Non seulement ce récit est en tous points farfelu,  les faits invoqués sont complètement faux :

i)                   Le caractère farfelu de l’affirmation
L’auteur raconte au paragraphe suivant que le procès se déroula aux casernes Dessalines, que les officiers furent « accusés de complot contre la sureté intérieure de l’État, de mutinerie, de tentative d’assassinat du président de la publique, déchus de leurs grades et condamnés à la peine capitale ». Cette affirmation est sans doute juste, mais elle appelle des questions auxquelles l’auteur seul peut répondre : si l’épouse du capitaine Laroche a eu cette conversation avec Duvalier, pourquoi ce dernier s’est-il donné la peine d’intenter un procès, tout en se réservant le privilège d’ajouter des noms à la liste des condamnés? En prenant à la lettre le témoignage de M. Dupuis, il faut conclure que les suspects ont été condamnés à mort et que Duvalier a ensuite appelé Serge Hilaire pour lui demander d’ajouter son nom à la liste des officiers à exécuter. Le ridicule de cette interprétation des faits est évident.

C’est un fait bien connu de tous que, tout en s’accommodant sans fausse honte du titre de dictateur, le président-à-vie aimait recouvrir ses actes les plus arbitraires d’un semblant de légitimité et de légalité.
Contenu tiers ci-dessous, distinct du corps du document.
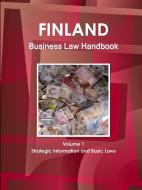 Finland Business Law Handbook Volume 1 Strategic Information and Basic Laws di Inc Ibp edito da INTL BUSINESS PUBN
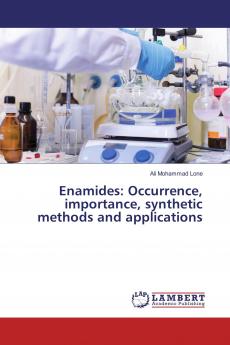 Enamides: Occurrence importance synthetic methods and applications
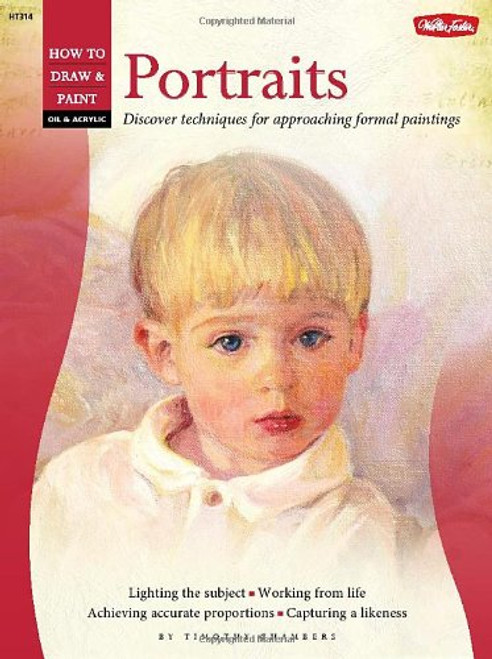 Oil & Acrylic: Portraits: Discovering techniques for approaching formal paintings (How to Draw and Paint)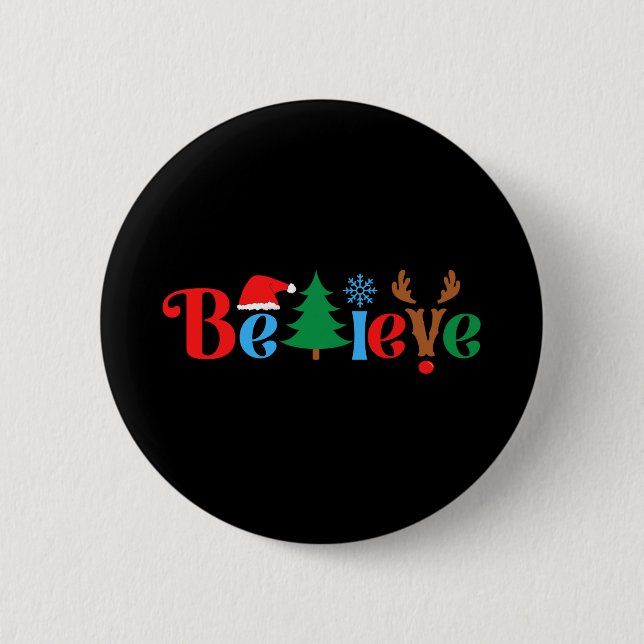 Christmas Believe 6 Cm Round Badge (Front)
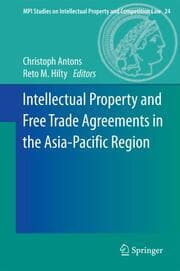 Cover von Intellectual Property and Free Trade Agreements in the Asia-Pacific Region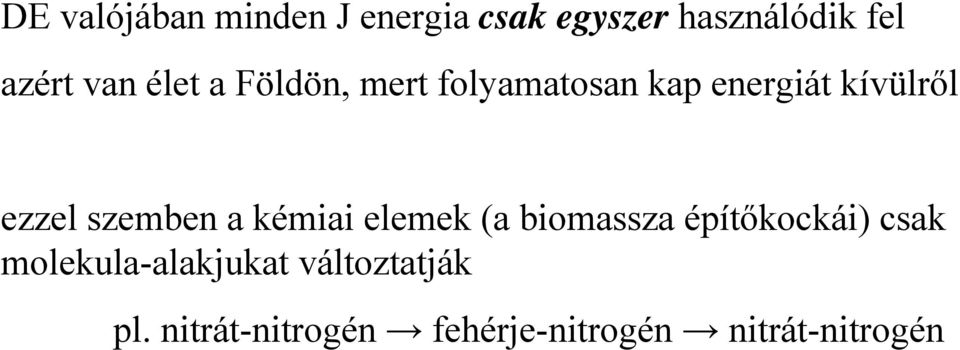 szemben a kémiai elemek (a biomassza építőkockái) csak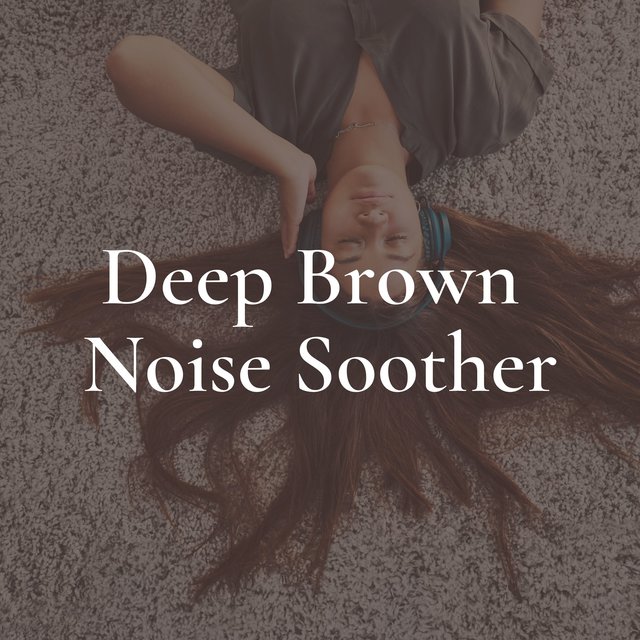 Deep Brown Noise Soother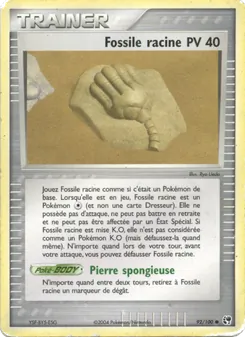 Fossile racine, EX Tempête de sable 92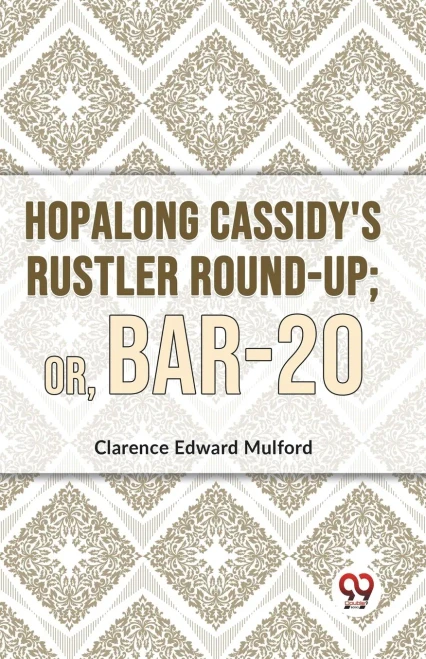 Hopalong Cassidy's Rustler Round-Up; Or, Bar-20 - Paperback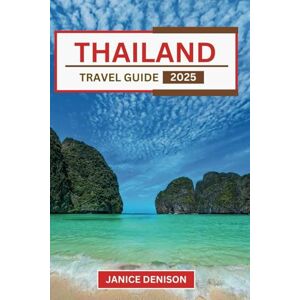 Denison, Janice Thailand Travel Guide 2025 (Nomad’s Notes) Denison, Janice Thailand Travel Guide 2025 (Nomad’s Notes)
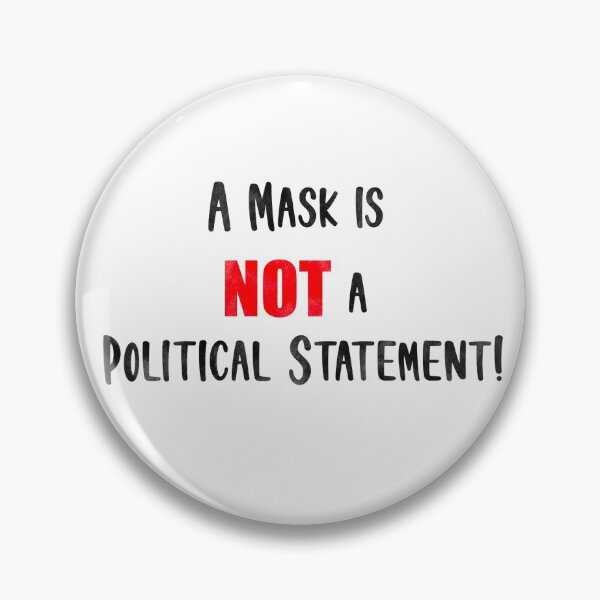 Item preview, A Mask is NOT a Political Statement designed and sold by hollyV.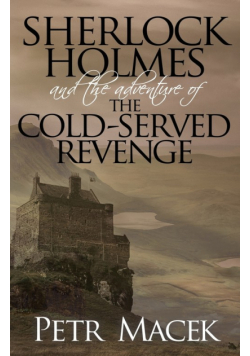 Sherlock Holmes and the Adventure of the Cold-Served Revenge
De deux choses l’une : soit que l’auteur, pressé de diffuser une fausseté inventée par le père Hilaire, qui voulait à tout prix faire porter l’odieux du drame à un bouc émissaire et se faire une nouvelle virginité après ses frasques bien connues, soit qu’il ait inventé de toutes pièces ce scénario ridicule. La pratique des « fake news » aurait donc déjà commencé en Haïti.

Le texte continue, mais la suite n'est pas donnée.